Identification of pathogen genomic variants through an integrated pipeline
1 Department of Pediatrics, University of California, San Diego, School of Medicine, 9500 Gilman Drive 0741, La Jolla, California 92093, USA
2 Biomedical Sciences Program, University of California, San Diego, 9500 Gilman Drive, La Jolla, California 92093, USA
3 Immunology and Infectious Diseases, Harvard School of Public Health, 665 Huntington Avenue, Boston, Massachusetts 02115, USA
4 Genomics Institute of the Novartis Research Foundation, 10675 John Jay Hopkins Drive, San Diego, California 92121, USA
BMC Bioinformatics 2014, 15:63 doi:10.1186/1471-2105-15-63Published: 3 March 2014
Whole-genome sequencing represents a powerful experimental tool for pathogen research.

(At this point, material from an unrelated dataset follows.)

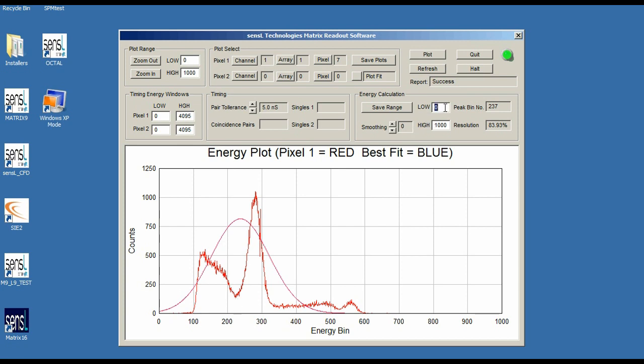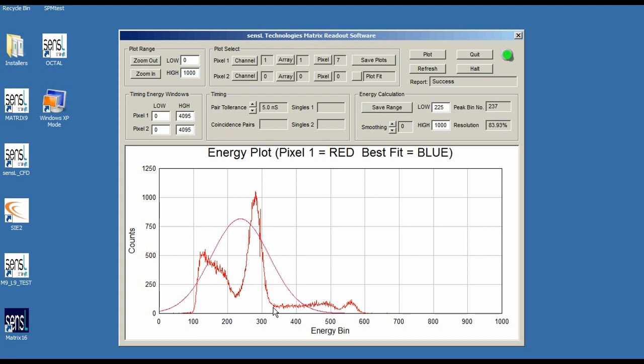That's about 225 on the energy bin. This is an uncalibrated energy bin, so don't be too worried about what the actual value is. You can calibrate that separately if you like. I'm going to put the high value here at about 320. You can see I'm going to change these settings so that I can bound my 511 keV peak and get a good fit.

We present methods for the analysis of small eukaryotic genomes, including a streamlined system (called Platypus) for finding single nucleotide and copy number variants as well as recombination events.
We have validated our pipeline using four sets of Plasmodium falciparum drug resistant data containing 26 clones from 3D7 and Dd2 background strains, identifying an average of 11 single nucleotide variants per clone. We also identify 8 copy number variants with contributions to resistance, and report for the first time that all analyzed amplification events are in tandem.
The Platypus pipeline provides malaria researchers with a powerful tool to analyze short read sequencing data. It provides an accurate way to detect SNVs using known software packages, and a novel methodology for detection of CNVs, though it does not currently support detection of small indels. We have validated that the pipeline detects known SNVs in a variety of samples while filtering out spurious data. We bundle the methods into a freely available package.